I have a contractor's Delta saw model 36-600. I would like to mount a router top flush with the table saw. Anyone have experience with this saw


----------



## BigJimAK (Mar 13, 2009)

Felix,

I don't have any experience with that saw but from the picture, it would appear that the right sheet metal table could be replaced with a piece of laminated MDF.. possibly a commercial table, depending upon dimensions. The key appears be to find the best way to mount the table to the rip fence rails without impeding their movement and with enough adjustment to align it with the table top. 

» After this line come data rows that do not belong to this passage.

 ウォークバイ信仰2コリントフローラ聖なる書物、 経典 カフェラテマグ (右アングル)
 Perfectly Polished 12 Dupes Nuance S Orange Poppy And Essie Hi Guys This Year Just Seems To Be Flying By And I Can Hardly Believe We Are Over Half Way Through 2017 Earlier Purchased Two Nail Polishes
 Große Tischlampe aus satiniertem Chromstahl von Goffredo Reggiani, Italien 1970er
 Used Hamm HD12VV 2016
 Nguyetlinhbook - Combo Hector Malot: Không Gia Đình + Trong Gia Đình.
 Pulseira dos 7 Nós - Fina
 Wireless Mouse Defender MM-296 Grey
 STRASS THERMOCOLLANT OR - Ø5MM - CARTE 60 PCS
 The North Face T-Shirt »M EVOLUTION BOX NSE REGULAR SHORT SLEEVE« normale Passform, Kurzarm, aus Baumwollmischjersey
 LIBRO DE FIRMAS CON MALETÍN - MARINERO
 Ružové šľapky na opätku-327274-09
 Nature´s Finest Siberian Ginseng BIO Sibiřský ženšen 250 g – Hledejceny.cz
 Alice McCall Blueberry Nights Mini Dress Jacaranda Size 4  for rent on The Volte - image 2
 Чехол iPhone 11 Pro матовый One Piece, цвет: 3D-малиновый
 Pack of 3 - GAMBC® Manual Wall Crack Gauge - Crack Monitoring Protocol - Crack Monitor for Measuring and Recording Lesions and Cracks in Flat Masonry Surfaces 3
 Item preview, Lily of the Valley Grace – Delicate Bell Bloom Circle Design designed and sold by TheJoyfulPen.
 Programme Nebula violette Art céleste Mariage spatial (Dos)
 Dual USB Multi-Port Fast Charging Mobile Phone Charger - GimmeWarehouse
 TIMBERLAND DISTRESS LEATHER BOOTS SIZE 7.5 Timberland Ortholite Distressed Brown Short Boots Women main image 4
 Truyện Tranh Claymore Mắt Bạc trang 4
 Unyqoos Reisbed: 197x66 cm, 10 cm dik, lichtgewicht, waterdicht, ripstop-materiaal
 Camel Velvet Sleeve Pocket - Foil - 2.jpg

What I cannot tell from the Internet pictures is the weight of the saw vs. the width of the legs, to tell how far away from the edge of the table the router can be mounted and still be stable (not tend to fall over when you press down on the table, as the MDF table will be heavier than the sheet metal and then you add the router. 

In a "dream world", you'd want it out far enough from the table saw to give you easy access to the side adjustment wheel with the router in place. If this isn't feasible due to the tendency to tip but it'd be OK if close, it could be mounted in a plate, with the router and plate lifted out for cutting or it may be feasible to mount the legs to a piece of plywood or other base and add weight to the base to stabilize the saw. You may want to consider the latter in any event.

Hopefully someone will respond who has the saw and can speak first hand to this; these are just my observations and attempt to be helpful based upon seeing a picture on the Internet.


----------



## Dr.Zook (Sep 10, 2004)

Welcome to the RouterForums Felix.


----------